Groundbreaking for the West Santa Ana Branch Transit Corridor’s $4.9-billion first phase is is scheduled for 2023, with construction completed about a decade later.

Overall costs for the project including a second phase, due to be completed in 2043, are anticipated to be $8.5 billion, more than twice the original estimate, the Los Angeles Times reports.

When completed, the line will start at Artesia and continue northwest to Union Station, cutting through the cities of Cerritos, Bellflower, Paramount, Downey, South Gate, Cudahy, Bell, Huntington Park and Vernon. “It would provide key connections to other lines, helping build out a rail system decades in the making,” the newspaper reported on Jan. 28.

The first 14.8-mile phase will follow a former Pacific Electric right of way from Artesia  to Slauson Avenue and Long Beach Boulevard, where it would connect with the A (formerly Blue) line.

The second phase heads north 4.5 miles from the Slauson depot to Union Station and is set to be completed by 2043. “About half of the line is planned to run underground through Little Tokyo, where Metro construction disrupted businesses for years and tunneling is driving up costs,” the Times reported.

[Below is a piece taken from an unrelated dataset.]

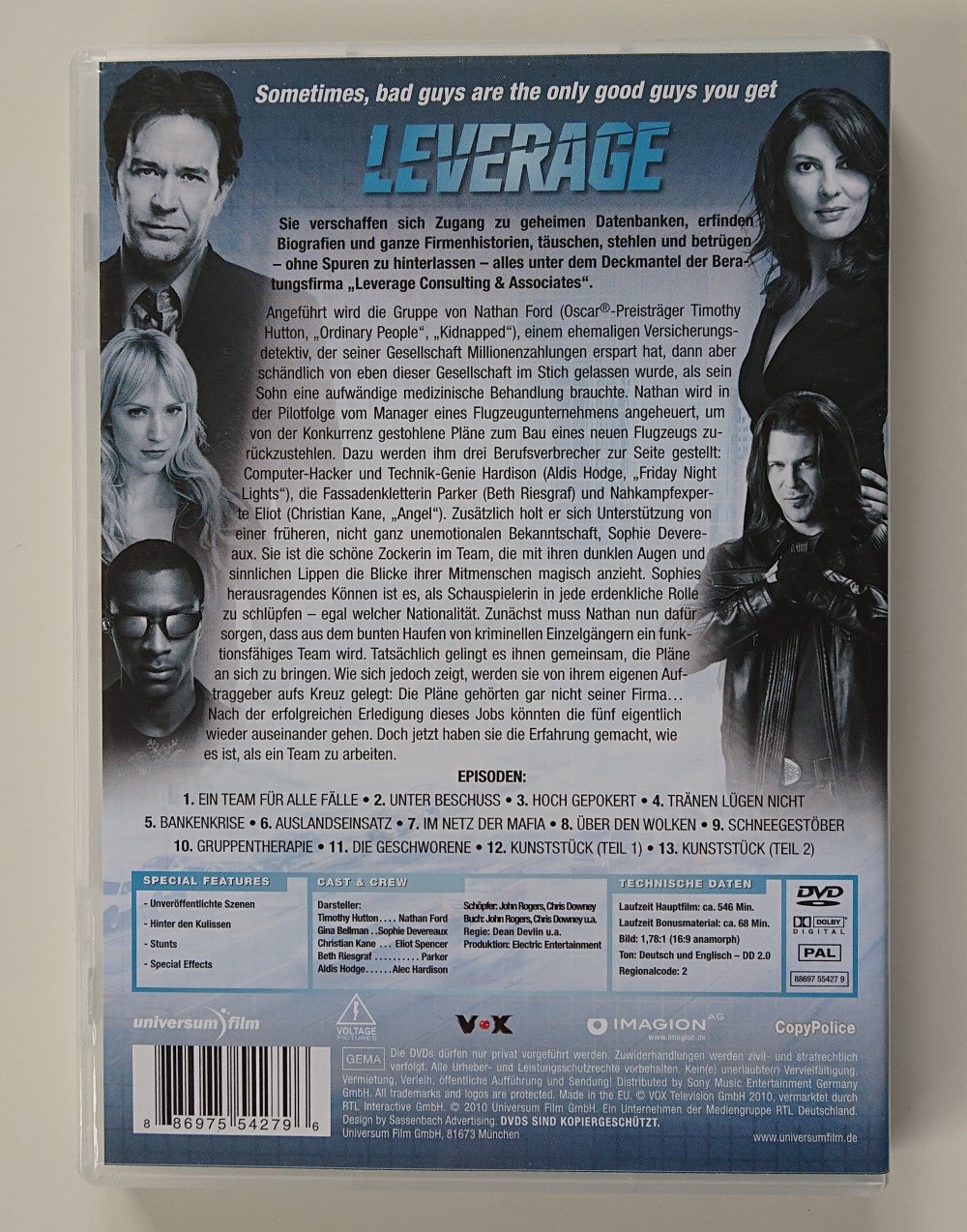 Leverage Staffel 1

On Jan 27, the MTA Board at the urging of Janice Hahn who represents the southeast corridor, unanimously approved a plan that will look at cheaper alternatives to tunneling that could accelerate construction for the second phase.

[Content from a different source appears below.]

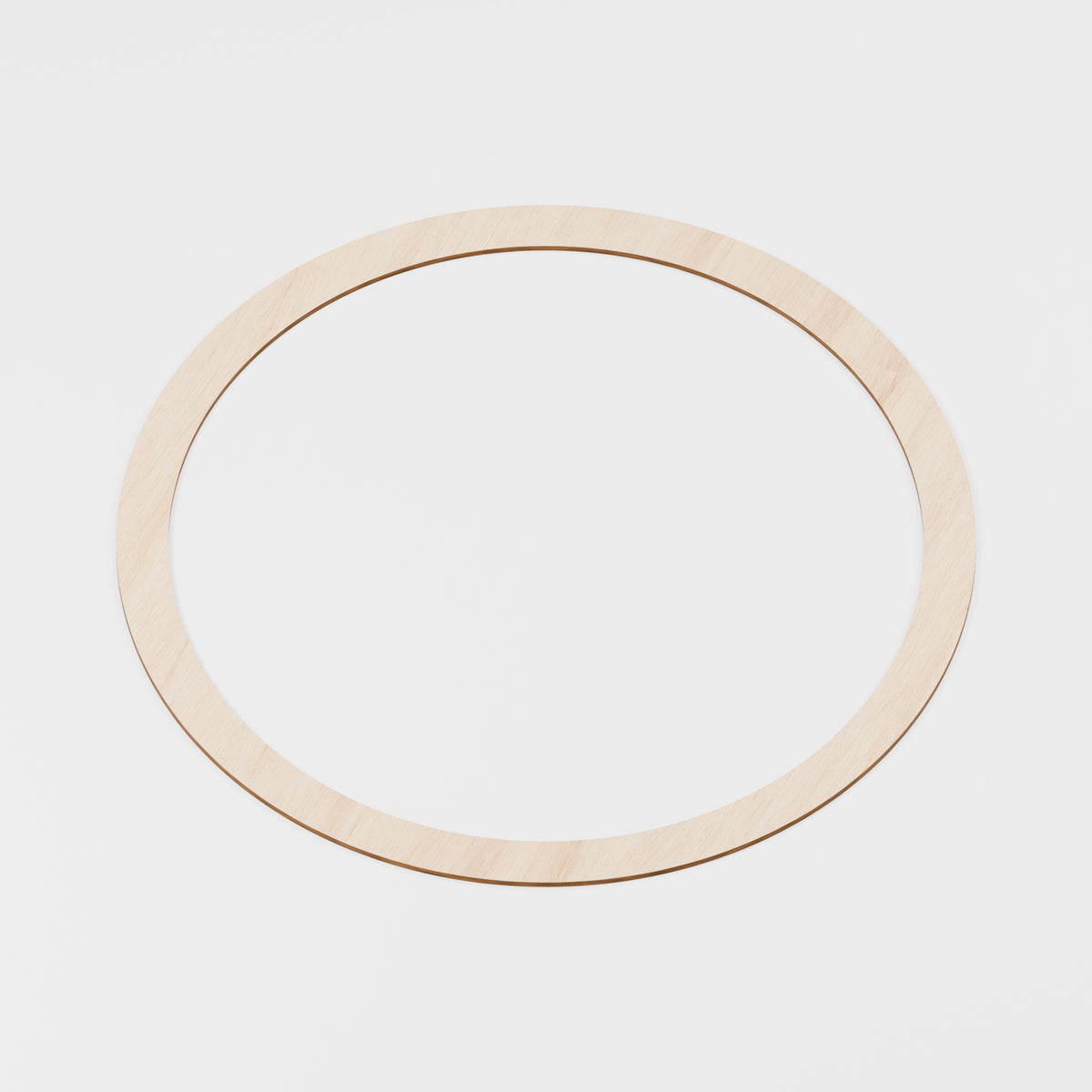 Circular Hoop Rings — Plywood, 3 mm, 330 mm outer / 290 mm inner, No holes, 8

“In an hours-long public comment period, dozens of elected officials representing the communities along the rail line pleaded with the board to speed up the timeline,” the Times reported.

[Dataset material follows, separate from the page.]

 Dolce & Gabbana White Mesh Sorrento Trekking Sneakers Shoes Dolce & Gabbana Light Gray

The rail line was a cornerstone of Measure M, a $120-billion half-cent sales tax approved by voters in 2016, which gained widespread support among elected officials in the region. Along with Measure R, approved in 2008, the tax fueled a rail construction boom.

However, Sseveral changes to the original 2017 project increased costs, including adding 2.3 miles of underground tunneling, aerial bridges over intersections, the relocation of utility lines and a transfer station to the C (formerly Green) Line at the 105 Freeway.

Metro plans to use $3.1 billion in federal funds and an additional $850 million in state funds for the first leg of the rail line, the Times reported.